Multiples avantages pour le Maroc
Sur le plan financier, ce programme va en effet apporter des investissements additionnels aux financements climatiques internationaux déjà présents dans le royaume. Les fonds ainsi mobilisés vont également arriver avec du transfert de technologie pour soutenir un développement durable pauvre en carbone. Techniquement, le programme va consister au Maroc à transformer des déchets en biogaz et biofertilisant par biodigesteurs, un traitement 100% durable. Le programme va notamment regrouper 11 à 15 projets indépendants portés par des opérateurs privés ou PPP (Partenariat public privé) et spécifiques à chaque province ou municipalité. À signaler que deux études de faisabilité, financées par la BERD (Banque européenne pour la reconstruction et le développement), sont déjà réalisées à Tanger et à Marrakech dans la valorisation des déchets organiques. À l’issue de la production de biogaz, le programme prévoit la vente des ressources générées, notamment l’électricité, la chaleur, sans oublier la vente des crédits carbone.Sur quoi va porter au juste le programme que la Suisse veut développer avec le Maroc ? Sur la réduction des émissions de GES provenant des déchets organiques, entre 15 000 et 30 000 Tonnes de CO2 par année et par projet, notamment en transformant du méthane contre la production d’énergie. Où vont se situer ces projets ? L’emplacement des différents projets sera connu lors du développement détaillé du programme prévu dans les mois à venir, notamment après les négociations et la signature de l’accord bilatéral Suisse-Maroc. S’en suivra, ensuite la conclusion d’un contrat d’achat commercial entre la Fondation Klik et le gestionnaire du programme côté marocain.
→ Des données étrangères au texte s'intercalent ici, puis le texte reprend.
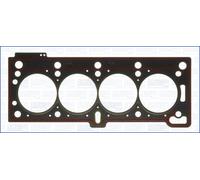 Guarnizione, Testata per NISSAN RENAULT 19 CLIO KANGOO KUBISTAR MEGANE THALIA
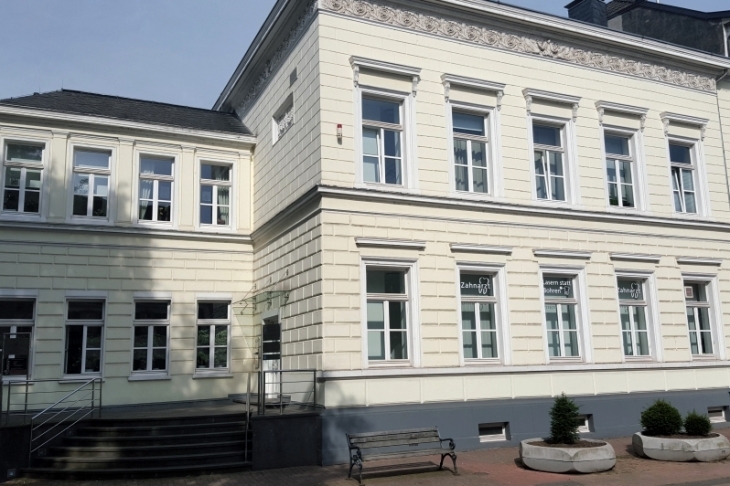 seitl_Vorderansicht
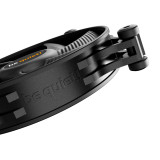 be quiet! Shadow Wings 2 120mm PWM
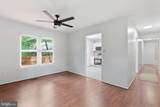 12500 Sulky Court - Photo 11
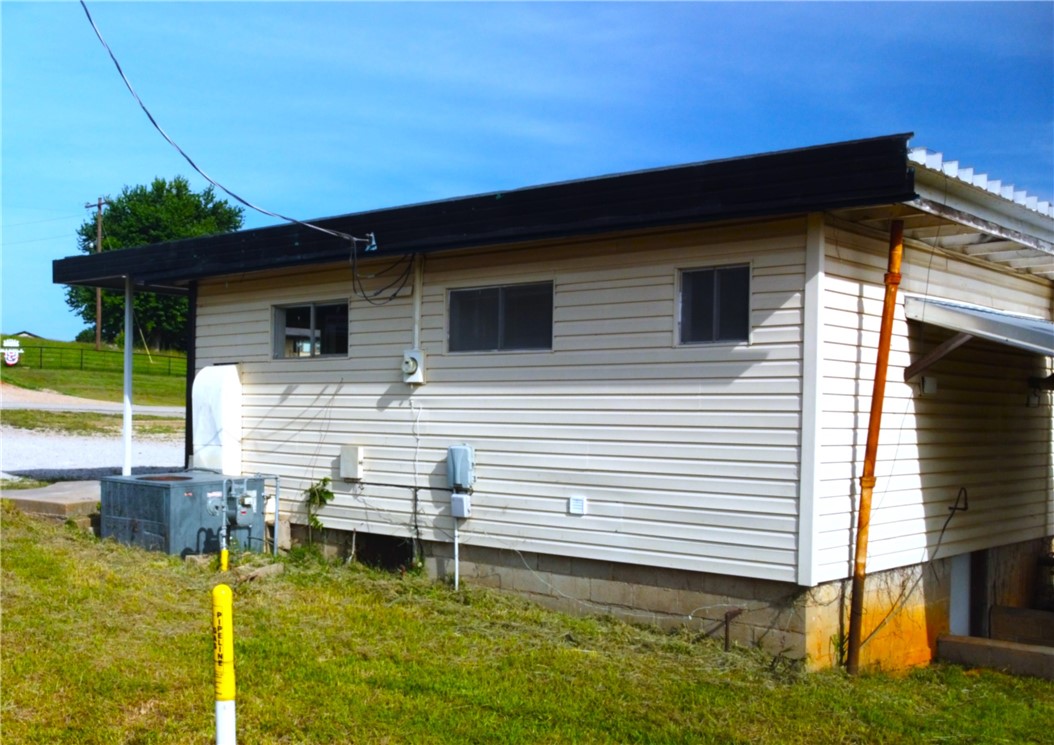 34-17-26 Huntsville City - Residential
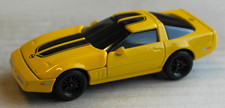 Majorette 1990 Chevy Chevrolet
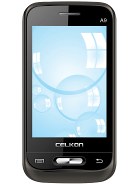 Best available price of Celkon A9 in Gambia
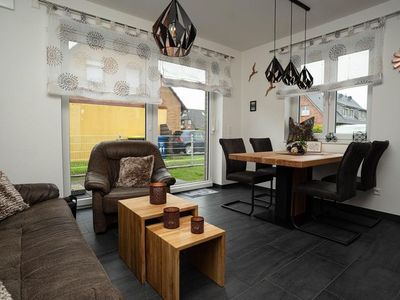 Ferienhaus für 4 Personen (70 m²) in Carolinensiel 3/10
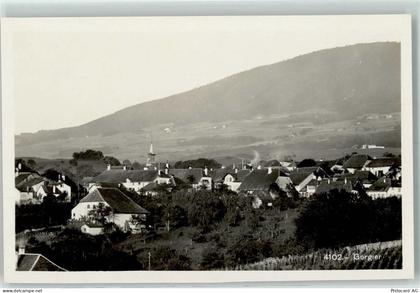 2023 Gorgier - 10303232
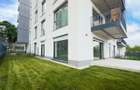 APARTAMENT LUMINOS, 2 CAMERE CU GRADINA MARE, QUARTIER AZUGA - ANSAMBLU PREMIUM - 6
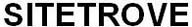 Sitetrove Device mark 2150612 Trademark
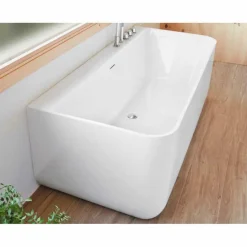 Bañera Trento Muro – Sin Hidromasaje – Sanycces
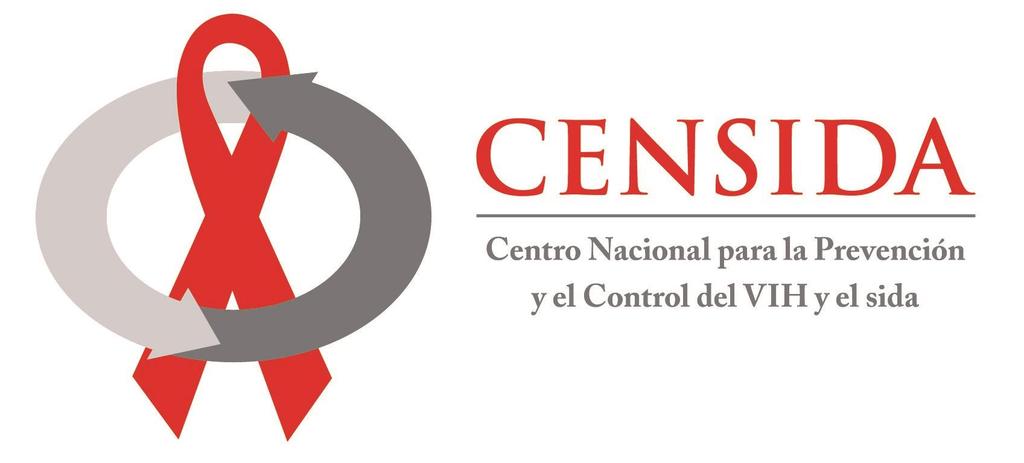 www.censida.salud.
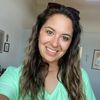 christinadownes34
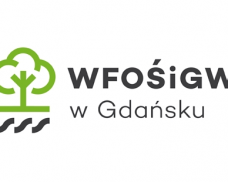 Nabór wniosków o dofinansowanie usuwania wyrobów zawierających azbest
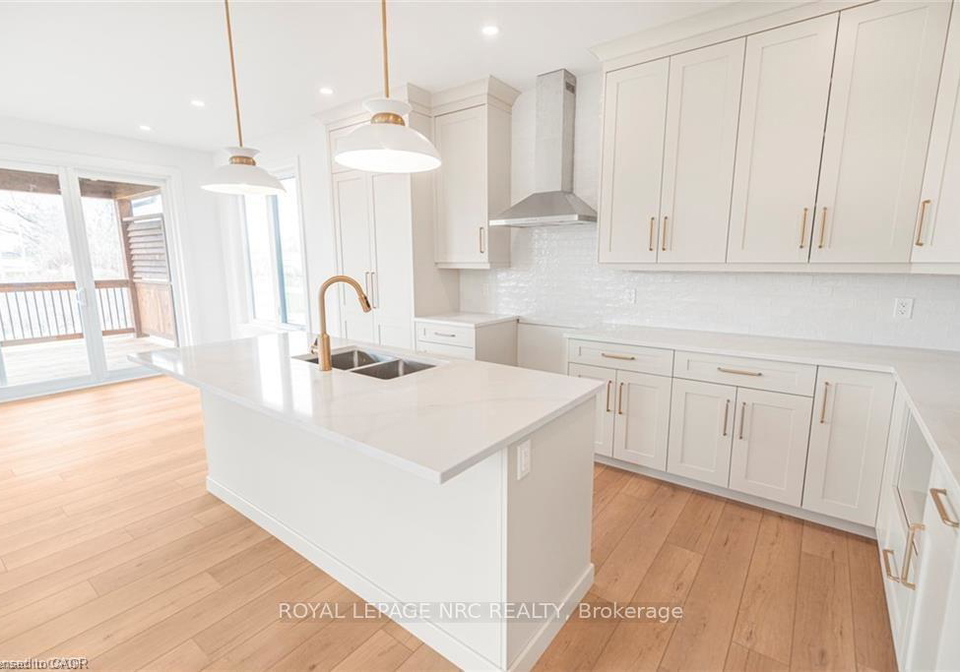 32035-bell-road-wainfleet-ontario-x12627492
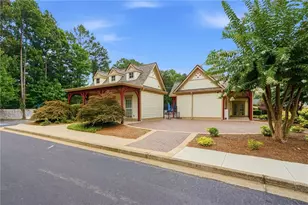 225 Brookview Pl, Woodstock, GA 30188 - Photo 48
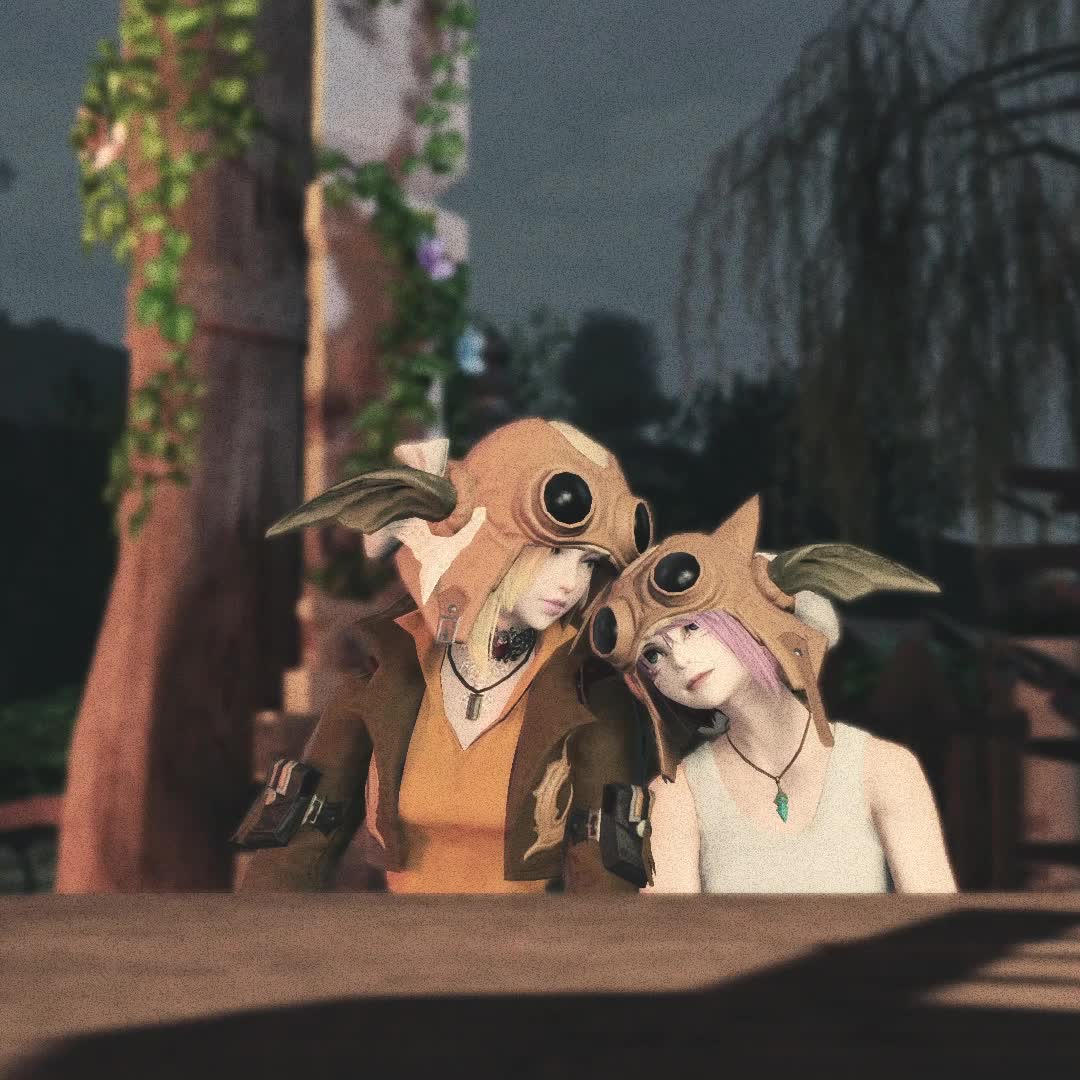 @Nuricat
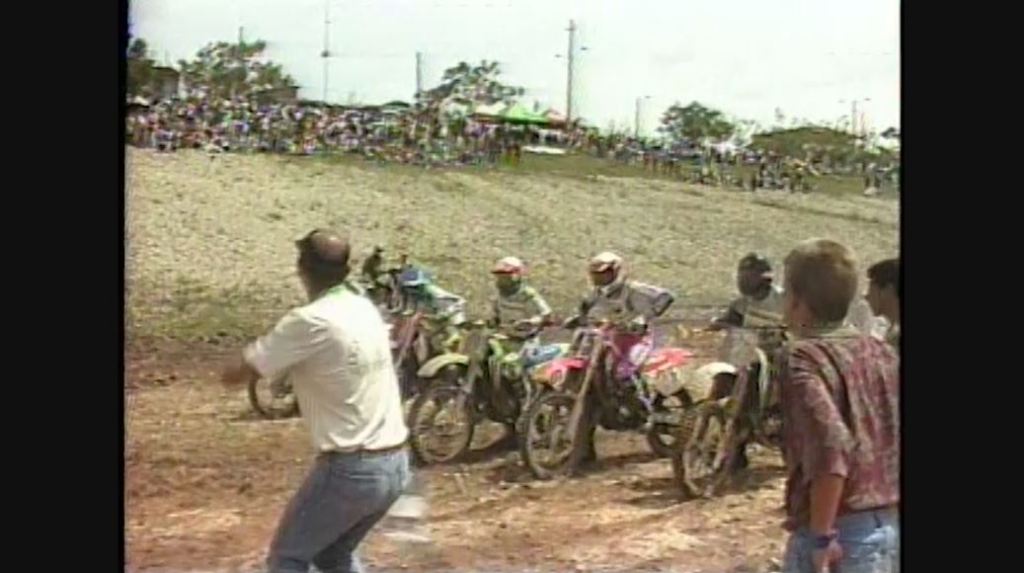motocross_antioqueño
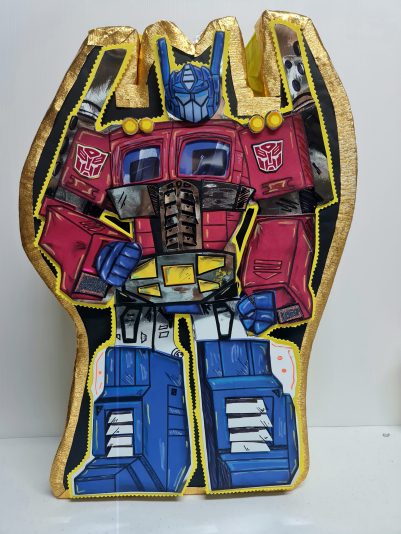 RemasterDirector_1a5c03258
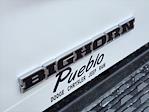 New 2025 Ram 2500 Big Horn Crew Cab 4x4 Pickup for sale #R258014 - photo 11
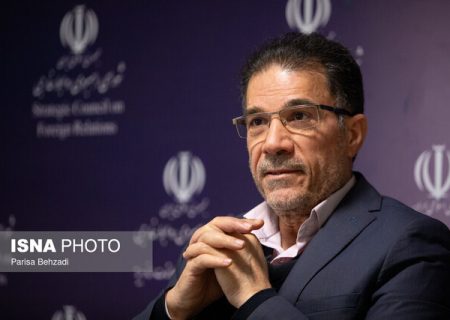 برنامه هسته‌ای ایران راه حل نظامی ندارد/رایزنی‌های لاریجانی اعتمادساز است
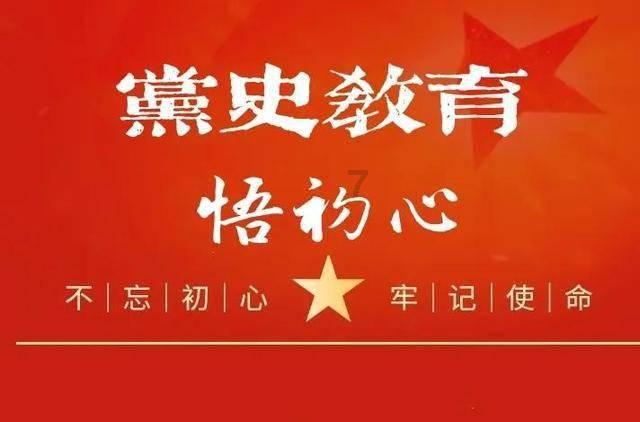 走进物理中如果把一个物体压缩,克服分子间的斥力,但停止压缩后为什么不恢复原状?社区,分享你的见解和热点话题!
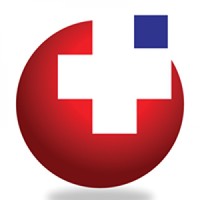 Ultra-Med Health Care logo - Similar company to Proxysove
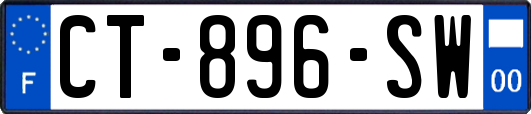 CT-896-SW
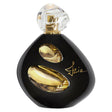 Sisley, Izia La Nuit, Eau De Parfum, For Women, 50 ml - Feel You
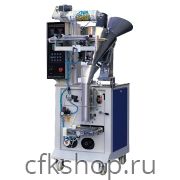 Автомат фасовочно-упаковочный МАГИКОН DLP-320XD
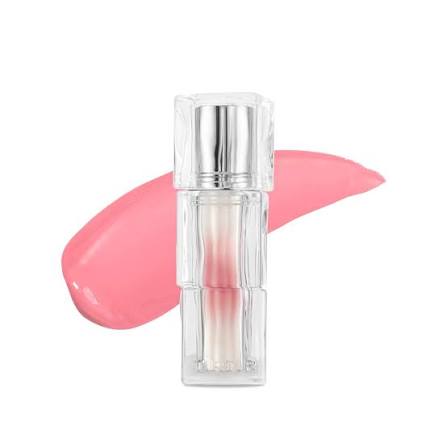 TIRTIR Waterism Glow Tint 24 Lovably Mini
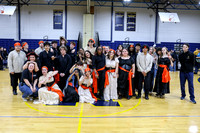 Awards_260314_Nottingham HS-ms00017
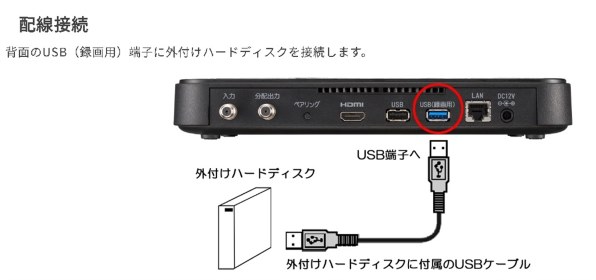 東芝 REGZA 32H3000 [32インチ]投稿画像・動画 - 価格.com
Et puis le démarrage des différents sites de production et de transfert de réductions d’émissions vers la Suisse, jusqu’en 2030. Au-delà de cette date, la Suisse espère que grâce aux recettes des ventes d’électricité et de chaleur, le programme pourra se poursuivre dans d’autres lieux au Maroc et au profit d’autres clients publics et/ou privés.